Working in a church is an amazing gift. I see things that the average parishioner does not see.
As a music director, I spend time with great volunteers, young and old.
If you ever want to see a person who gives their time, talent, and treasure, look up to the choir loft.
I know I am partial to musicians. I also know there are many types of volunteers, and am grateful for them all.
Below are a few of my choir loft stories for your enjoyment.
At a church I previously worked for, a group of women with the Ladies Auxiliary called themselves the "Dead Choir." Hearing them sing "How Great Thou Art" would thrill you.
Singing isn't the most endearing thing about these women. Most of them are retired and the stairwell does not shorten with age. It had two landings in the middle of all the stairs.
I stood at the top of the stairs in amazement.
The oldest members slowly climbed the stairs to sing for their lost friends. They breathlessly stopped on each landing. I asked them if they were sure they wanted to risk the stairs. There was no other place these women would rather be. You could not stop them.
We use the word sacrifice a lot these days.
These women don't even see it as a sacrifice. They see service. And I see the same footsteps Christ took on the Way of the Cross.
My children's choir recently made me just as proud.

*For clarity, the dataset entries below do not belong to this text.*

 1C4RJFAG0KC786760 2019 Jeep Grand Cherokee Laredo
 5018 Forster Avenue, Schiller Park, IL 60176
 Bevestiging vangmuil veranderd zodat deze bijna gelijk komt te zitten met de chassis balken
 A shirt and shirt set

We went to a nursing home for Christmas caroling. We sang in the dining room, we walked down the halls, and we sang for the staff in the lobby.

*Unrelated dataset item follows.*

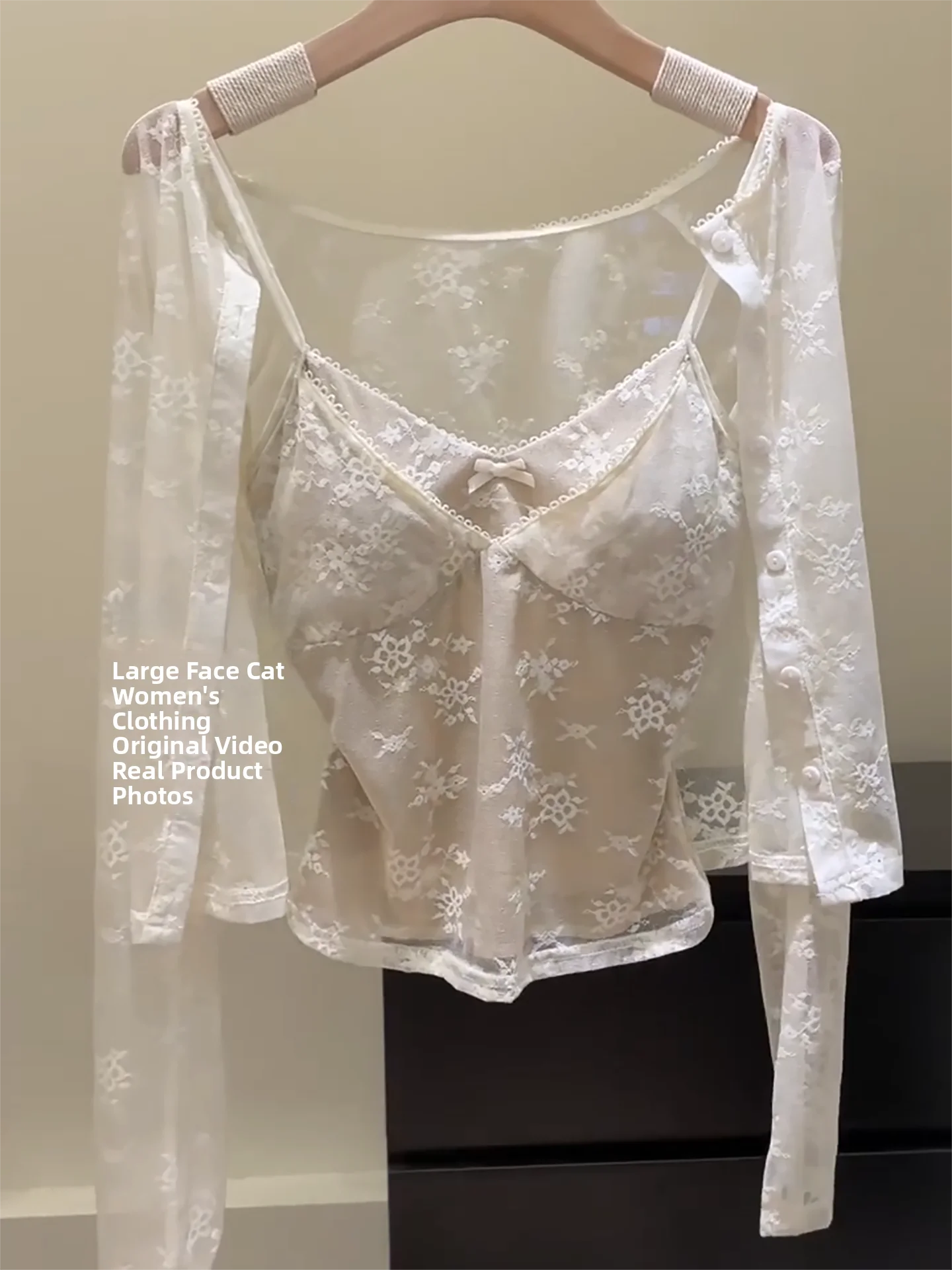 

Sexy Lace Set Women's Summer V-neck Strap Top High Waist Short Pants Two-piece Suite Fashion Sensation Lace Outfit for Ladies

When we finished, one of the kids said, "Let's sing for them again."
Another said, "Let's go to Walmart and sing."
Another said, "Let's just walk home and sing to every house along the way." That's ten miles of homes or more!
It reminded me of this bible verse:
"And the king will say to them in reply, ‘Amen, I say to you, whatever you did for one of these least brothers of mine, you did for me." (Matt. 25:40)

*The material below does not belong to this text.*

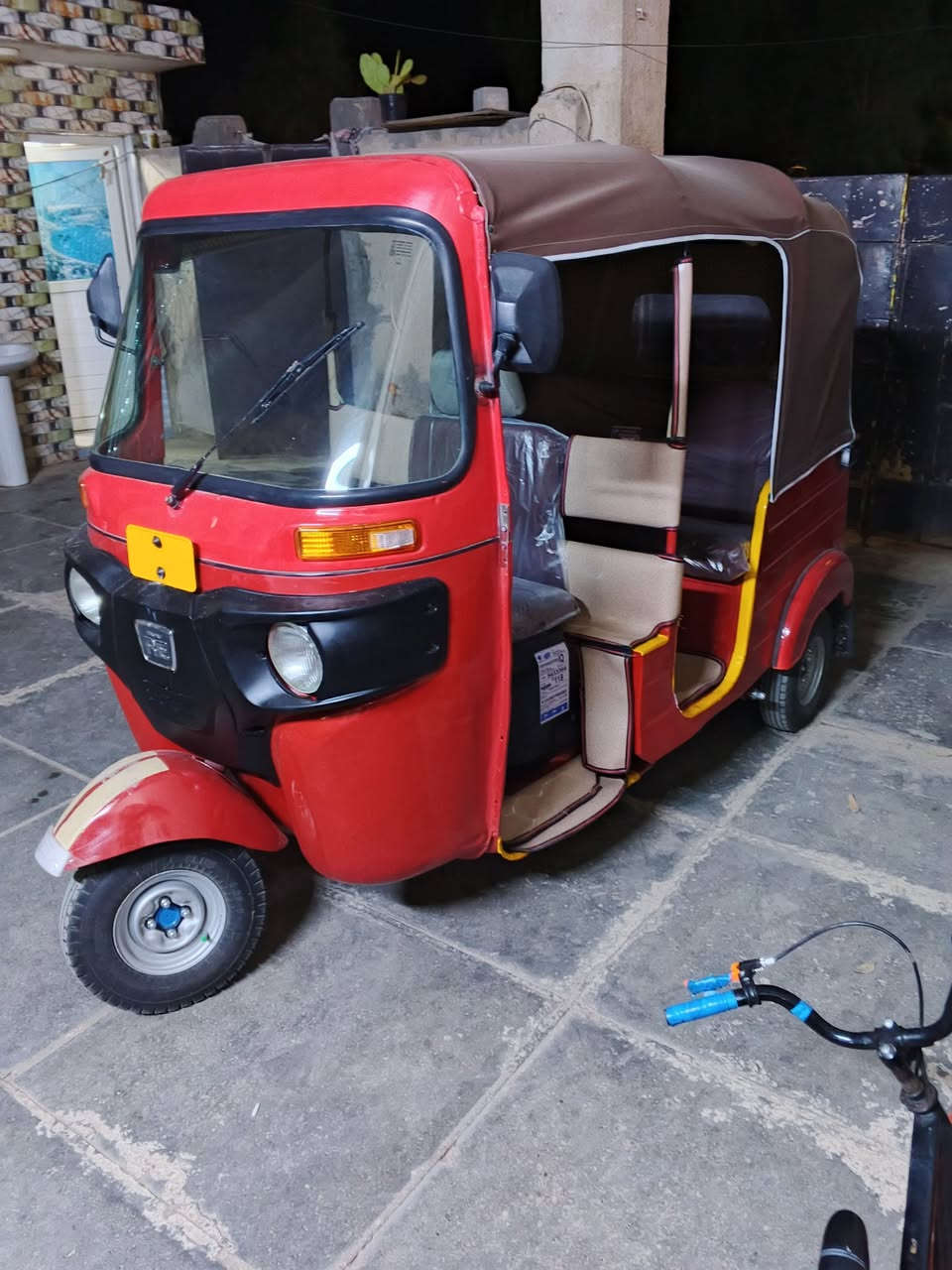 تكتك لبيع موديل 18 طالعه 19 رقم وسنويه تكتك جديده يعني من اكلك جديده بعد أحلا من  الصور الله شاهد كبل لشارع بيه فراش دوشمه تخم تاير جبلي ستدات جادر جديد مكاني لعماره علي الشرقي السعر خابر وتدلل ***********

They really wanted to do God's work.
Now that we are in Ordinary Time, musicians everywhere are decompressing from Easter and beyond.
With Easter Vigil Masses to Corpus Christi processions, Easter is hard on a church choir. They give up so much quality time with their families.
I ask you all to do me a favor.
As a church employee, I usually ask for volunteers.
This time, I ask you to thank a choir member. Find one. Any or all of them. Thank them for the time they give you and God.
They work very hard to give you that gift. I also know they will appreciate it.
As for me, I thank all musicians, young and old. The church misses you when you go on vacation, and you make our time with God more enjoyable. You are truly a glorious addition to our communities.